» What you should do:
Write out every entry in full. Leave nothing out.

» Supplied data:
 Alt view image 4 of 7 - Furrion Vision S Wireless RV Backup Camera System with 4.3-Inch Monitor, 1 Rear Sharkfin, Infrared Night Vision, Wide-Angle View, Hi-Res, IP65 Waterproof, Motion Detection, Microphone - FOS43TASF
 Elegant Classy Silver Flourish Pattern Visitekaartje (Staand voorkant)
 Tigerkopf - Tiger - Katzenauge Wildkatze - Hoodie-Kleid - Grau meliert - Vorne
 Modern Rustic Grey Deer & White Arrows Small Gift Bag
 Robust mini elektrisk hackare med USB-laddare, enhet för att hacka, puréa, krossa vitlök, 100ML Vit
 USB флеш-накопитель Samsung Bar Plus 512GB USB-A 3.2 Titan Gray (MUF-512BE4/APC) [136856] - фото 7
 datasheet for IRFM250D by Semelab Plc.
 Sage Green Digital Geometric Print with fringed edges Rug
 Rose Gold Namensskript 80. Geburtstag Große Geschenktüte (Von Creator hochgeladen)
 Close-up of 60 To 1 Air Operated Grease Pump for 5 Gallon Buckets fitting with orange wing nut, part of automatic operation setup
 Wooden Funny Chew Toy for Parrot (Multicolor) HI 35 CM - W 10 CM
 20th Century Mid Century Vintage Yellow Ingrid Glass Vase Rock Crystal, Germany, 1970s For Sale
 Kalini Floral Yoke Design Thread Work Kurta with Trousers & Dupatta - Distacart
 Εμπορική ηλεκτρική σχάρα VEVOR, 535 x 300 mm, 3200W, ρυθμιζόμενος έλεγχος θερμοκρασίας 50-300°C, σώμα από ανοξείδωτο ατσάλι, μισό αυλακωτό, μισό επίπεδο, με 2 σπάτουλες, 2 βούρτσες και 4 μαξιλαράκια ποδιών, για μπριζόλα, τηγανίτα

» The completed task:
 Alt view image 4 of 7 - Furrion Vision S Wireless RV Backup Camera System with 4.3-Inch Monitor, 1 Rear Sharkfin, Infrared Night Vision, Wide-Angle View, Hi-Res, IP65 Waterproof, Motion Detection, Microphone - FOS43TASF
 Elegant Classy Silver Flourish Pattern Visitekaartje (Staand voorkant)
 Tigerkopf - Tiger - Katzenauge Wildkatze - Hoodie-Kleid - Grau meliert - Vorne
 Modern Rustic Grey Deer & White Arrows Small Gift Bag
 Robust mini elektrisk hackare med USB-laddare, enhet för att hacka, puréa, krossa vitlök, 100ML Vit
 USB флеш-накопитель Samsung Bar Plus 512GB USB-A 3.2 Titan Gray (MUF-512BE4/APC) [136856] - фото 7
 datasheet for IRFM250D by Semelab Plc.
 Sage Green Digital Geometric Print with fringed edges Rug
 Rose Gold Namensskript 80. Geburtstag Große Geschenktüte (Von Creator hochgeladen)
 Close-up of 60 To 1 Air Operated Grease Pump for 5 Gallon Buckets fitting with orange wing nut, part of automatic operation setup
 Wooden Funny Chew Toy for Parrot (Multicolor) HI 35 CM - W 10 CM
 20th Century Mid Century Vintage Yellow Ingrid Glass Vase Rock Crystal, Germany, 1970s For Sale
 Kalini Floral Yoke Design Thread Work Kurta with Trousers & Dupatta - Distacart
 Εμπορική ηλεκτρική σχάρα VEVOR, 535 x 300 mm, 3200W, ρυθμιζόμενος έλεγχος θερμοκρασίας 50-300°C, σώμα από ανοξείδωτο ατσάλι, μισό αυλακωτό, μισό επίπεδο, με 2 σπάτουλες, 2 βούρτσες και 4 μαξιλαράκια ποδιών, για μπριζόλα, τηγανίτα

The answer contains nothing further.